Students in pairs of two (and at least one group of three in Brandsma’s block B class) are working on an original or a pre-made experiment that involves an environmental problem and how altering an abiotic (nonliving) factor can affect a biotic (living) factor. The experiment must be done using the scientific method with the question, hypothesis, list of materials, detailed procedure, data analysis, and conclusion written in a lab write up.
“I was looking at the learning competencies for this course,” said Brandsma. “And it (the experiment) fits well as a science project. The scientific method meets most of the main outcomes that a class has to learn in a year. It was the perfect project to meet those outcomes.”

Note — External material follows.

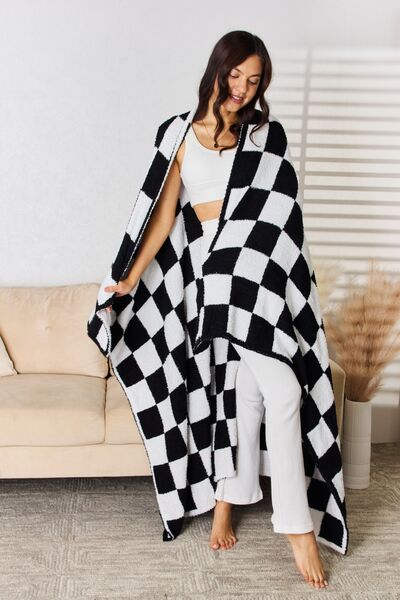 Cuddley Checkered Decorative Throw Blanket - Body By J'ne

This project will also teach students more about our environment and how scientists learn more about our world. “The project was a good fit with what students are supposed to be able to do and the skill sets that are part of this course,” said Brandsma.

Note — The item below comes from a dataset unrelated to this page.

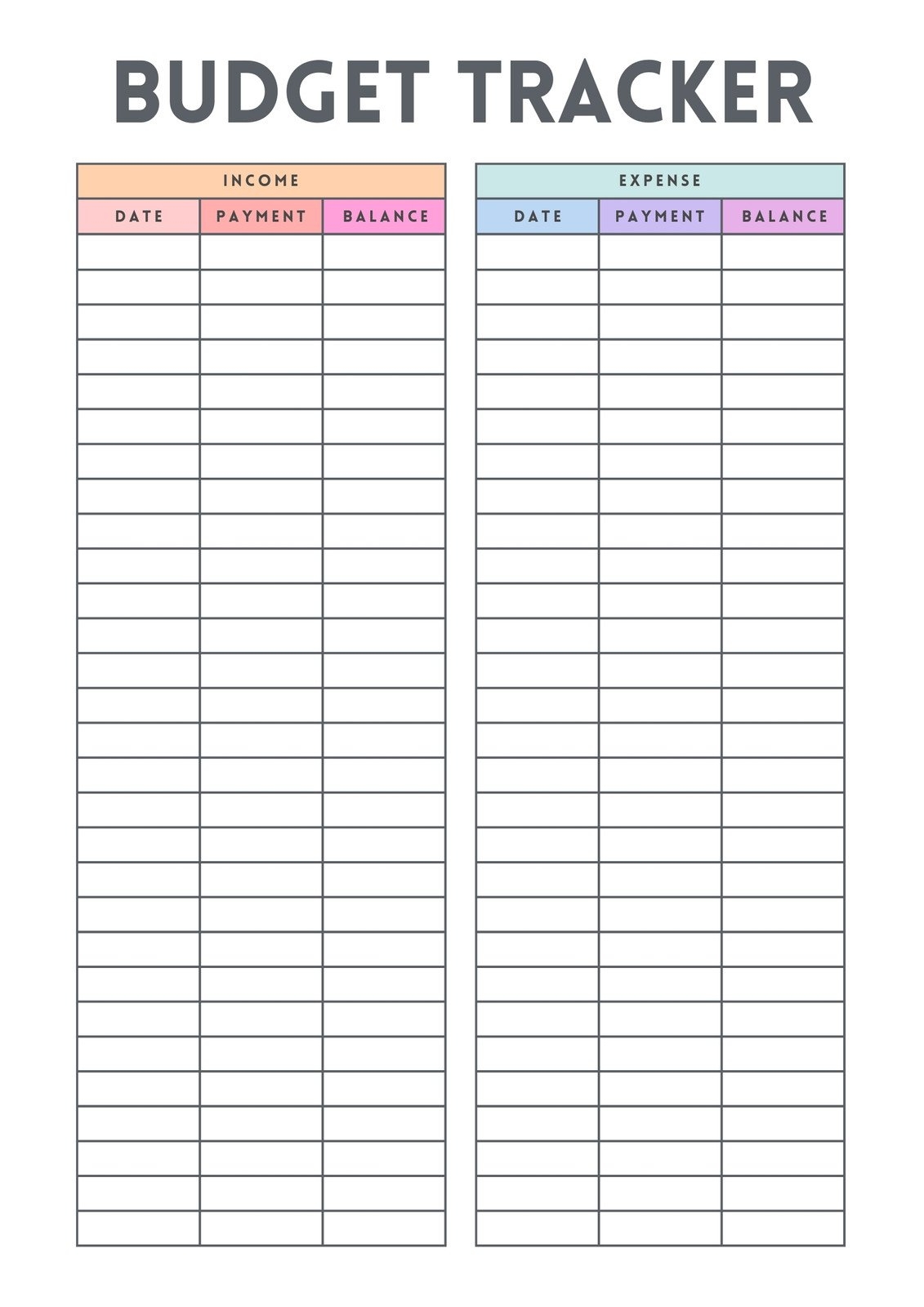 cute budget planner printable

According to Brandsma, the hardest part was finding a partner for the project; after the partnership picked their question, the process moved smoothly straightforward into the process.
Grade 9 students Mark Iversen, Isaiah Barnes and Liam Campbell did an experiment where they divided 20 worms into four pots and gave each group of five worms a different diet. They did this to see if the diet caused any changes to the nutrients and pH levels in the soil.

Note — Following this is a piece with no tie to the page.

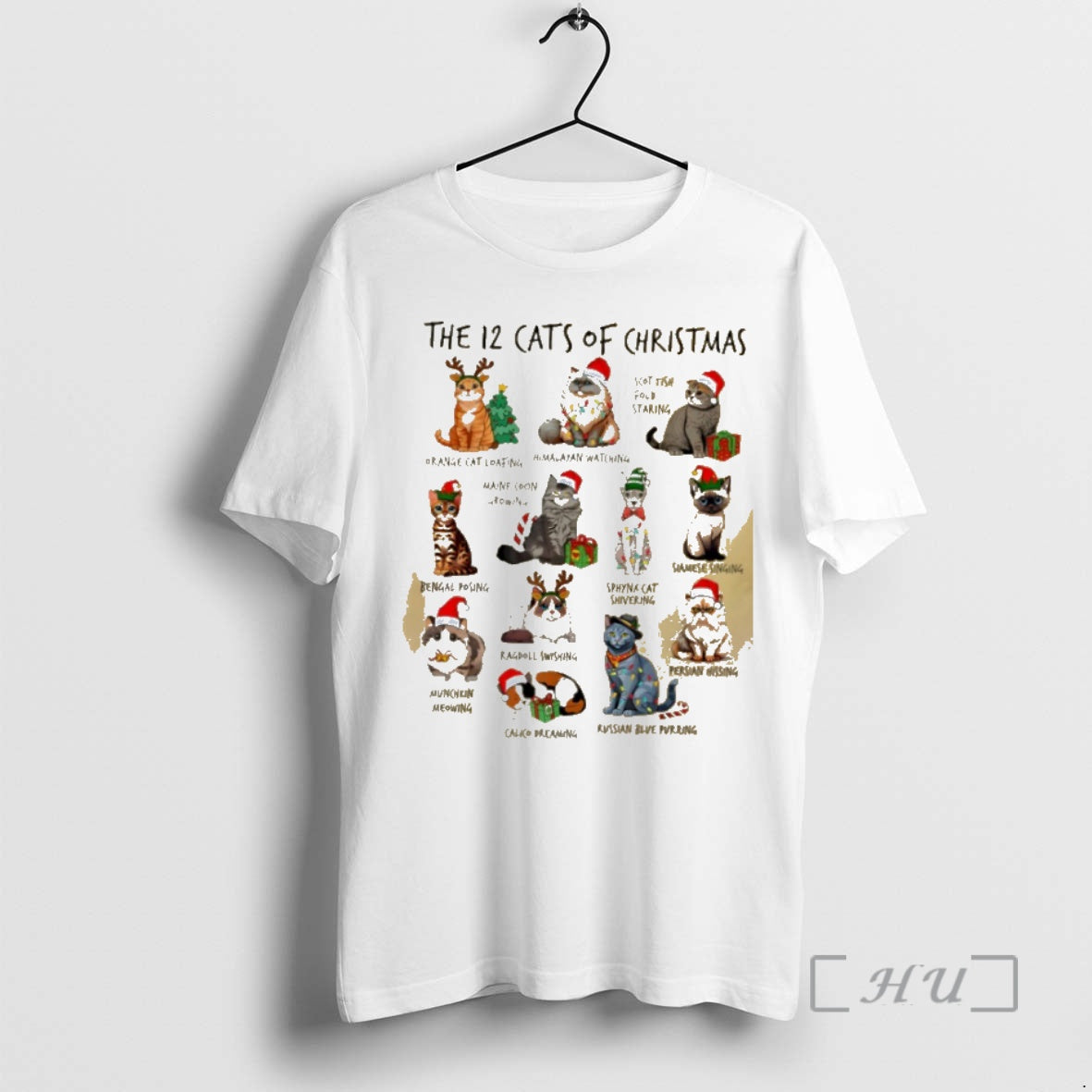 Trending 12 Cats Of Christmas T-Shirts, Hoodie, Sweatshirt | InkNestWear.com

“We ended up getting all of the levels in the soil changed,” said Iversen. “Because we tested the phosphorus, potassium, nitrogen and pH levels. We tested all those and for each of the levels that we got, they all changed.”
When the group started their investigation, they left the worms in the soil filled pots for a week and tested the soil level once a week for a period of two and a half weeks. Sadly, during the experiment, one worm escaped and another one died.
Grade 9 students Natalia Dzwinka and Alyssa Emery are testing plants to see if they could stop soil erosion. They filled two bread pans with soil and planted radishes in one pan and left the other pan without any seeds. They are going to let the radishes grow and then leave pans on a tilted surface. They will water the plants in a rainfall-like motion to see if any of the soil erodes.
“We just figured that radishes would grow faster than some other vegetables,” said Dzwinka. “It was really just a random pick.”
The deadline for Brandsma’s inquiry project was on January 20, 2017, while Jackson’s deadline for the inquiry project is January 25, 2017.